Heck, I'm 30 years old and I'm still figuring out how to alchemize my fluid creativity and altruistic tendencies into solid financial security. Getting paid to make other people richer is way less surprising than getting paid to serve the long-term collective interests of humanity when The System still thinks you're a crackpot.

Case in point: this is my life's work — the result of nearly eight years of blood, sweat, tears, being misunderstood, ridiculed, rejected, underestimated, and investing every penny I have — and I'm giving it to you for free; not because it's what humanity wants, but because it's what humanity needs. If I starve in the process of producing it, then so be it. At least I'll end up with thighs like a baby giraffe. And, according to society's values, a female can always derive some distorted sense of dignity and self-worth from that.

As my male best friend likes to say: "Nikki, you already have a monetizable asset: boobs. Worst case scenario, just sign up for OnlyFans and become an intellectual whore. Society might not value your altruism just yet, but they'll pay you by the minute to wear lace lingerie and fake glasses, and talk about recursive algorithms in a sultry voice while they all jerk off. So you do what you need to do for the greater good. You go ahead and mother the world while the world fucks you. We're all counting on your selfless service."

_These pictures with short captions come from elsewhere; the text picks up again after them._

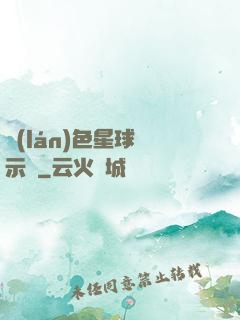 藍(lán)色星球啟示錄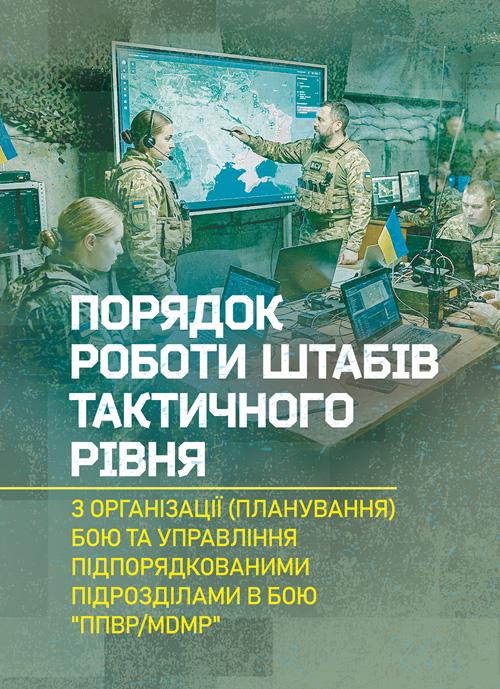 Настанова "Порядок роботи штабів тактичного рівня з організації (планування) бою та управління підпорядкованими підрозділами в бою ППВР/MDMP"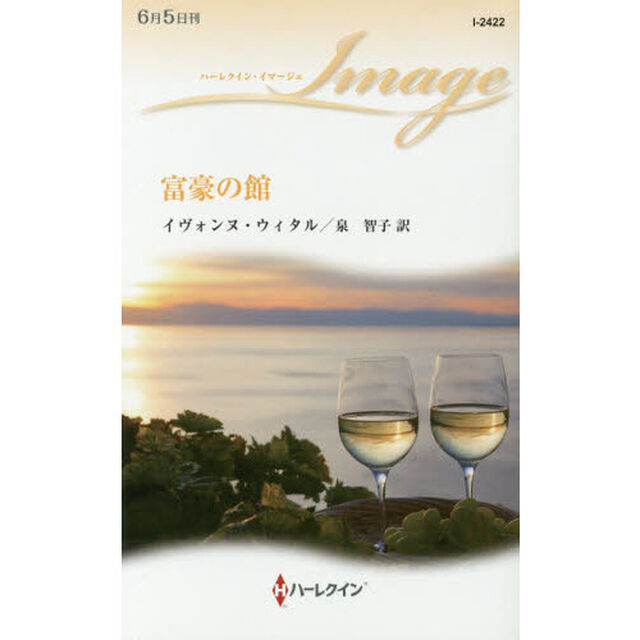 富豪の館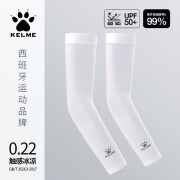 卡尔美（KELME）冰袖男防晒袖套女冰丝袖骑行钓鱼开车护臂篮球袖套 白色 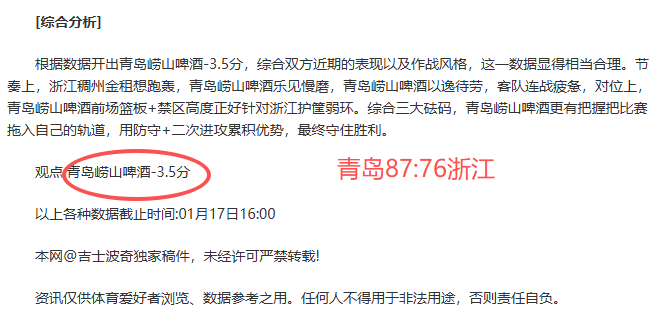 南華早報,揭露,張康陽遭债,星空体育平台,星空体育官方网站,星空体育登录入口,星空体育app下载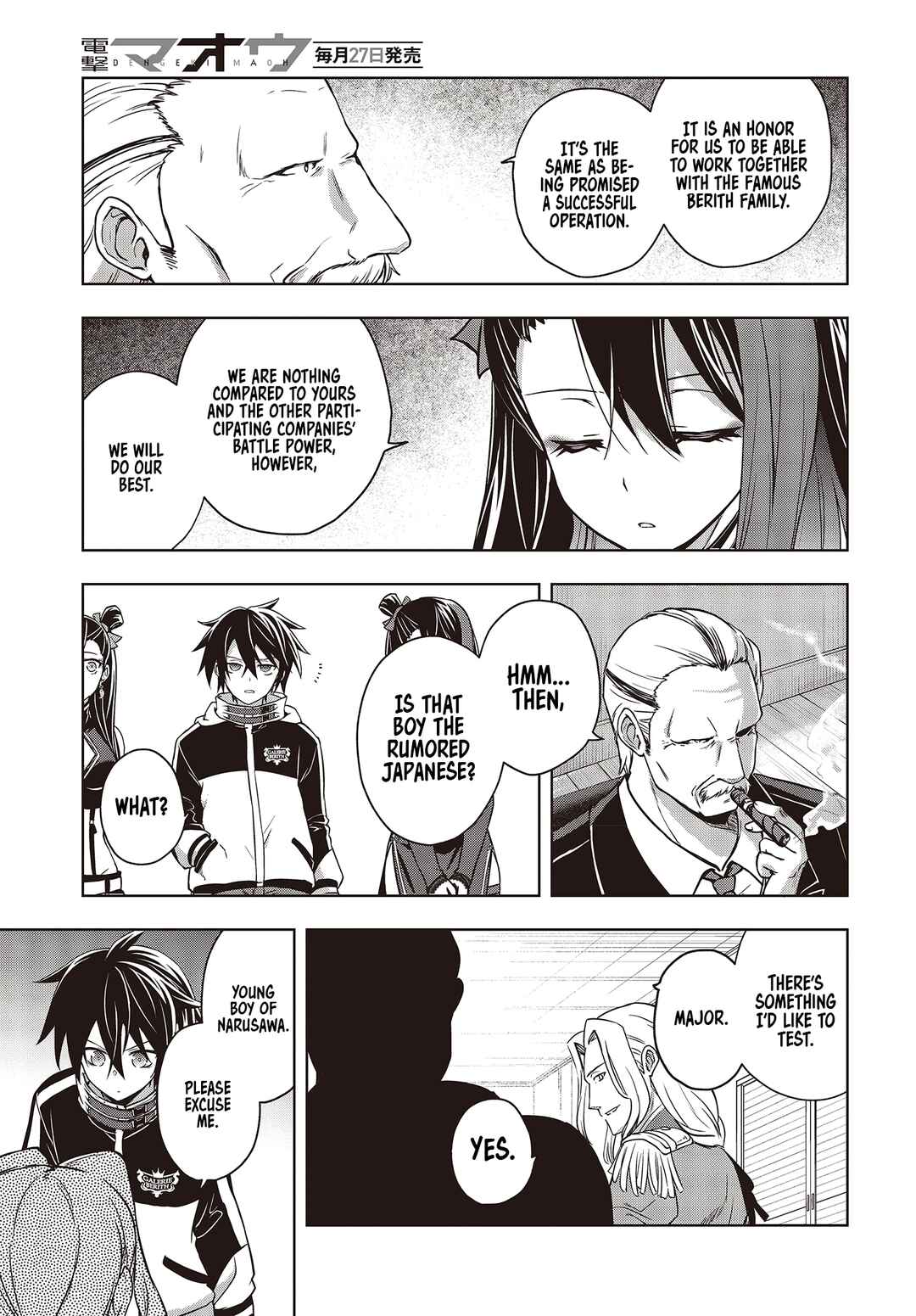 Page 14 Chapter 4 The Hollow Regalia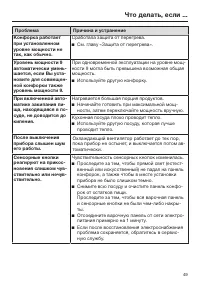 Страница 49
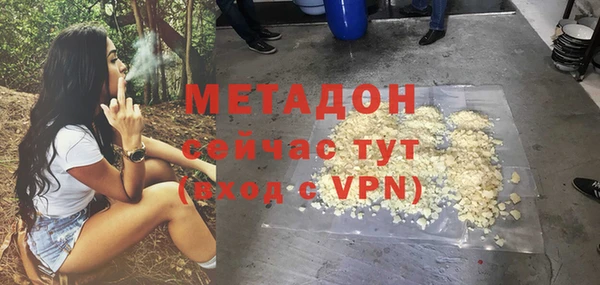 мескалин Александровское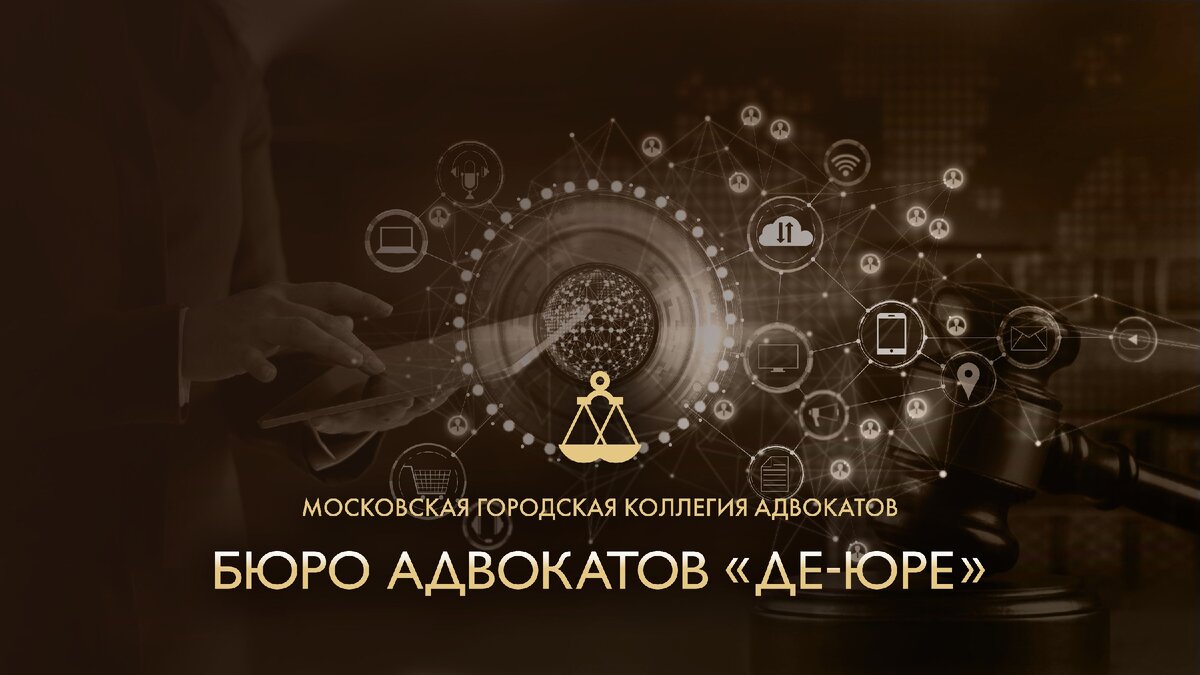 Бюро адвокатов "Де-юре" всегда на страже Ваших интересов.
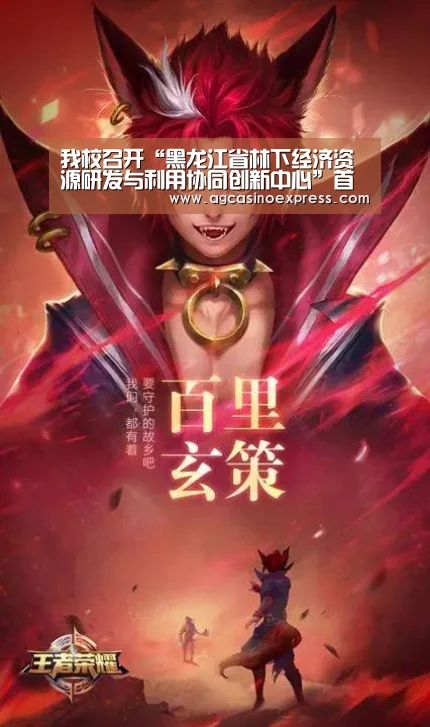 我校召开“黑龙江省林下经济资源研发与利用协同创新中心”首批创新团队启动论证会【AG体育】(图4) AG内容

Anyway, back to my story...

On that particular Saturday afternoon, I packed up my laptop and went for my usual afternoon stroll around the neighborhood. As I traipsed along the sidewalk in my floral sundress, a tanned, shirtless guy with sandy feet rode by on his bicycle, narrowly missing a coconut. An enthusiastic labrador ran after him.



***



“So, what sequence of events brought you here, to this conversation in Mexico?” the shirtless stranger asked.

“I got caught in Colombia during the pandemic, then ended up in Mexico, and here I am.” I said.

“Where are you off to next?”

“No idea,” I laughed. “What’s your story?”

We walked and chatted for a while. The labrador ran ahead, bored with our slow pace.

Eventually, we reached a side road that curved into a beautiful jungle area. “I’m cooking lunch with my house mates by the pool. Do you want to join us?” the stranger asked.

I checked the time. I was supposed to be sorting out my new accomodation, but lunch wouldn’t hurt.

I spent the whole afternoon talking to his house mates — a Russian woman and an older man I nicknamed “the Israeli pirate.” They prepared a huge feast: a whole baked salmon, a variety of salads, dessert. I thought I'd have to roll home.

As it turned out, the shirtless guy was moving back to New York in a week — neatly coinciding with the end of my Airbnb booking. The place was exactly what I wanted: quiet, surrounded by trees and nature, five minutes walk to the beach. My room had a huge desk, and the Israeli pirate gave me his spare desktop monitor so I could work from home — something that most touristy Airbnbs lacked. Not to mention the cost — it was half the price of a mediocre short-term rental, and I could move out with two weeks notice.

I loved waking up in the morning to the sound of chirping birds, and sitting outside while massive lizards sunned themselves in the backyard. Every few days, the labrador would scramble downstairs, barking like mad as he chased away the huge monkey-like creatures that snuck into the house to steal his food. I’d occasionally get home from the gym at night to find wild deer wandering around our driveway, or birds perched on the dining room table (we never shut the back door). Animals and nature nourished my soul.

Like I said: the universe always delivers exactly what I need, exactly when I need it. It’s not mystical. It’s math.